==== DATA FOR THIS TASK

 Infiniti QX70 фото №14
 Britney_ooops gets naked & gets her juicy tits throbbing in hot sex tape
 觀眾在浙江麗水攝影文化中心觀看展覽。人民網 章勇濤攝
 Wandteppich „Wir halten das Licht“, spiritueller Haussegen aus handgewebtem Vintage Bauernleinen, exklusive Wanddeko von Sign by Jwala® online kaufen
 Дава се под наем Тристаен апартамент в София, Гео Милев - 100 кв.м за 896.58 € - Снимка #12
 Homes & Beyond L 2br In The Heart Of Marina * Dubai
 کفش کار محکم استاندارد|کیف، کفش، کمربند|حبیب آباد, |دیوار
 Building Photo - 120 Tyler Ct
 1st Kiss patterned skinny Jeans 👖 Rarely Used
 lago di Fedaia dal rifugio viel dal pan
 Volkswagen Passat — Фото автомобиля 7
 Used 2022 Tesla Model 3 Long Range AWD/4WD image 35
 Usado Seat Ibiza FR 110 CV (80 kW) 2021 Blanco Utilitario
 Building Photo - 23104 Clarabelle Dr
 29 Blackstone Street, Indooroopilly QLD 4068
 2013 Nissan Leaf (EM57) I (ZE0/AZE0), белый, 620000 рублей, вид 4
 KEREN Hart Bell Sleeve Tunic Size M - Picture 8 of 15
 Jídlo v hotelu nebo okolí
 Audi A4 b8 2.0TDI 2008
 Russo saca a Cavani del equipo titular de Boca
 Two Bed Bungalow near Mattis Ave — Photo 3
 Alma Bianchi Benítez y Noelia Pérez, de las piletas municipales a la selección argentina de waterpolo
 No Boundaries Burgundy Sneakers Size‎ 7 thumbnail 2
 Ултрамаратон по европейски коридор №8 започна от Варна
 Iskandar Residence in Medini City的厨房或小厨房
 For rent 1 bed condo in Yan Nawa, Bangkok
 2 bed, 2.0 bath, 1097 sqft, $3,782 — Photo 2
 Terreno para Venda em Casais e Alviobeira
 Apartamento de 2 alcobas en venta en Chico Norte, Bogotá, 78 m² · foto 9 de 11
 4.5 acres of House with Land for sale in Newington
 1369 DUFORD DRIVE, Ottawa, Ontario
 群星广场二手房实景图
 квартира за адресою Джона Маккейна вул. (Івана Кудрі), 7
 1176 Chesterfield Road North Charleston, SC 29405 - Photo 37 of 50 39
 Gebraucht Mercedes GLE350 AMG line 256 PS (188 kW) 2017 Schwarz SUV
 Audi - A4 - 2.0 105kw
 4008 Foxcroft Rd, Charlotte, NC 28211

========

▸ **TASK PROMPT**:
Look through the entries and copy every line in which the string "Used" appears.

▸ **RESPONSE TO THE EXERCISE**:
 1st Kiss patterned skinny Jeans 👖 Rarely Used
 Used 2022 Tesla Model 3 Long Range AWD/4WD image 35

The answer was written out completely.